As proof of service of the petition upon respondent, petitioner submits an unnotarized statement indicating that the petition was served by leaving it with a “secretary in said district ... duly authorized to accept service.”  The document does not indicate the name of the individual allegedly served.  However, in its verified answer respondent asserts that the petition was served on the district tax collector who is not authorized to accept service.  Petitioner submits no reply or other competent evidence to refute respondent’s claim of improper service.

When there is no proof that an individual is authorized to accept service on behalf of respondent, service is improper and the appeal must be dismissed (Appeal of Willis, 50 Ed Dept Rep, Decision No. 16,211; Appeal of Terry, 50 id., Decision No. 16,117; Appeal of Villanueva, 49 id. 54, Decision No. 15,956).  On this record, I cannot conclude that petitioner properly served a copy of the petition on respondent in accordance with §275.8(a) of the Commissioner’s regulations.  Accordingly, the appeal must be dismissed. 

For the benefit of the parties, I note that respondent asserts that it first became aware of petitioner’s claim that she resides in temporary housing upon receipt of the petition in this appeal challenging its November 15, 2012 residency determination.  According to the record, respondent permitted petitioner’s sons to continue to attend school in the district pending an investigation as to whether they are homeless within the meaning of the McKinney-Vento Homeless Education Assistance Improvements Act (42 USC §11431 etseq., “McKinney-Vento”).

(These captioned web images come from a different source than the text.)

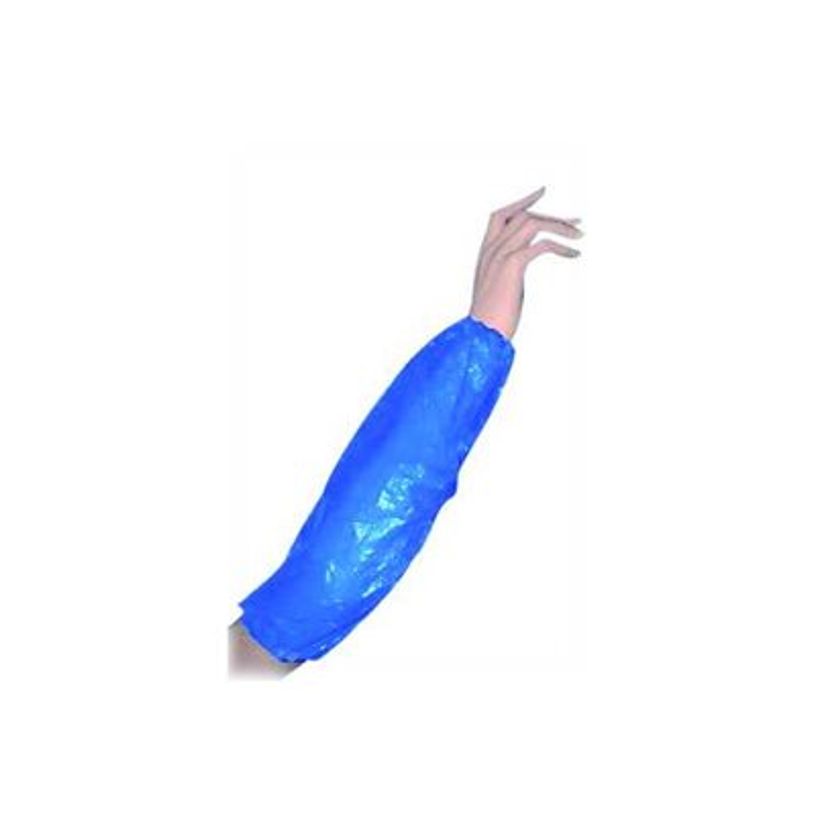 3378927011438-Jet - 100 Manchettes de protection - polyéthylène - bleu-P_400008683_1-1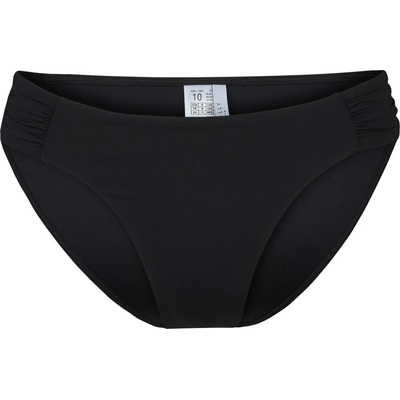 Seafolly Дамско бикини долнище Seafolly Seafolly Collective High Leg Ruched Side Pant Bikini bottom - Black - размер 34 (EU) (150-4234-0212)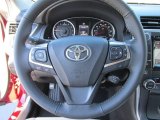 2015 Toyota Camry XSE V6 Steering Wheel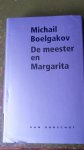 Boelgakov, Michail - De meester en Margarita - midprice hardcover Boelgakov, Michail - De meester en Margarita - midprice hardcover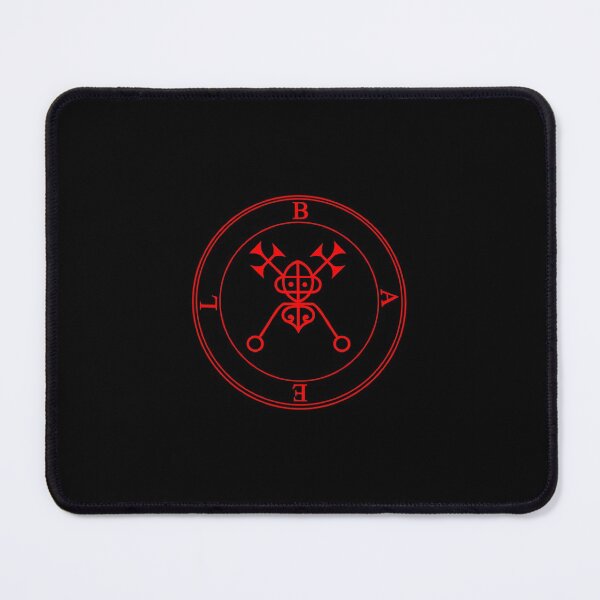 Item preview, Bael - Goetia (red) designed and sold by Shadow Kingdom.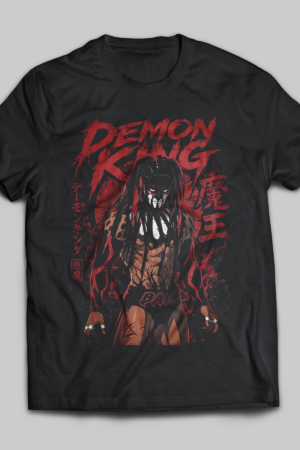 Finn Balor Demon King Graphic Tee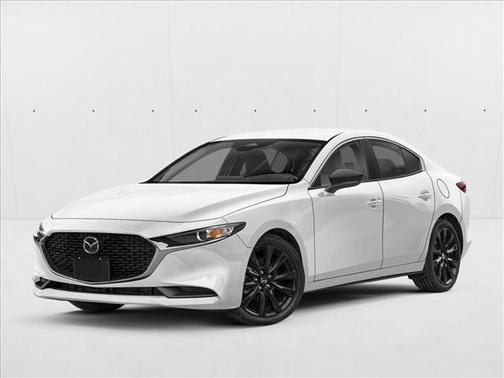 Ceramic Metallic 2026 Mazda Mazda3 2.5 S Select Sport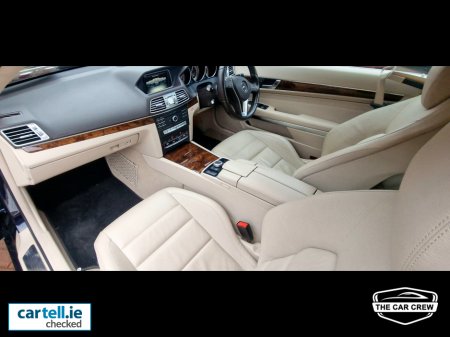 2016 Mercedes-Benz E Class E SERIES  2DR AUTO COUPE LOW MILEAGE €17,950 thumbnail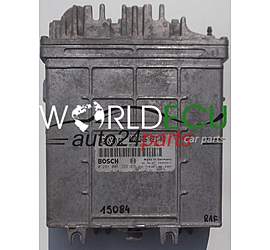 CENTRALINA MOTORE VOLKSWAGEN GOLF BOSCH 0 281 001 729, 0281001729, 028 906 021 HD, 028906021HD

By letter dated December 17, 2012, the superintendent advised petitioner that her sons do not lack a fixed, adequate and regular nighttime residence and, therefore, are not homeless within the meaning of McKinney-Vento.  Respondent’s determination was based upon its finding that petitioner resides with her boyfriend in a four bedroom, four bathroom home in Rock Tavern.  Respondent notified petitioner that her sons would be excluded from its schools on January 17, 2013 and advised her of her right to appeal its determination to the Commissioner of Education.   To date, petitioner has not filed any appeal challenging respondent’s December 17, 2012 determination.

Based on the foregoing, the instant appeal challenging respondent’s November 15, 2012 residency determination must be dismissed for lack of jurisdiction.  In light of this disposition, I need not address the parties’ remaining contentions.